Website connects donors with needy recipients

By Fort Campbell CourierDecember 17, 2010

In our must-have-it-now society, everyone has something in their house they never use, be it old shoes, clothes you only wore once or even food no one will ever eat.

That's where The Giving Effect comes into play.

The Giving Effect is a website designed to help donors connect with charities in the easiest way possible and organizing those charities by what every day extras they need.

"Anybody that has anything to donate - it could be a teddy bear or flowers or leftover food from a business meeting," said Mitchell Silverman, site founder.

"You go to the website, select your zip code and then you find local causes or causes across the state that will either pick it up or accept mail or drop-offs."

In exchange for their donation, the donor gets a tax deduction as well as an online story they are free to share with friends and Family.

"You probably would donate your stuff anyhow, but here you can donate it to somebody, get a story so you can understand how your stuff was used as opposed to just dropping it in a parking lot collection bin," Silverman said. "The charity tells you who got it, how it was used, how it helped them. And then you get the story, which you can share online to inspire other people to support causes that you care about."

Silverman said the site worked on the theory of elevation - the idea that if a person sees someone else do something nice or has something nice done for them, they'll do something nice in turn causing a ripple effect.

But before donors can take advantage of the giving effect, the site needs more charities to sign up.

"Any charity can sign up, just go to the website and there's a link right up at the top that says take action and create a cause," Silverman explained.

The website is free for charities and allows them to offer and request items, broadcast messages to their supporters and promote themselves in their community and nationally.
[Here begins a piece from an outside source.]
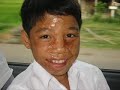 A beautiful Vietnamese song with images from Clear Path International's work with present day victims of landmines and bombs leftover from the Vietnam War.Learn more at www.cpi.org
Charities can be locally oriented or part of a national movement.

There are currently no local Fort Campbell, Hopkinsville or Clarksville charities.

For Families who wish to donate to a non-local charity, the site has causes listed by needs and types - such as animals, environmental, military, etc. - under the Explore tab on the front page.

"Some things - for example, Bears on Patrol, who collects stuffed animals to give to police officers, then the police officers give the stuffed animal to children in crisis situations - most of their donations don't come locally, but from people mailing them boxes of old stuffed animals," Silverman said. "I think a lot of people would prefer to connect locally to support causes that they care about."

Silverman said he started the site because of the success of another sharing site he started, www.bookins.com. Bookins is a book trading site where people send a book they've finished to someone wanting to read it and get a new book from a third person.

"What I realized is that people have a lot of stuff sitting around at home, which they hold on to because they think they'll use it or one of their friends or Family will use it, but you just can't find the right person to get it," Silverman said.

"So my insight was instead of just trading books, figure out a way to connect people through stuff that they have at home to people who need those items."

The website took about a year to conceptualize, create the technology, build the site and find charities.

Families interested in donating should go to www.thegivingeffect.com.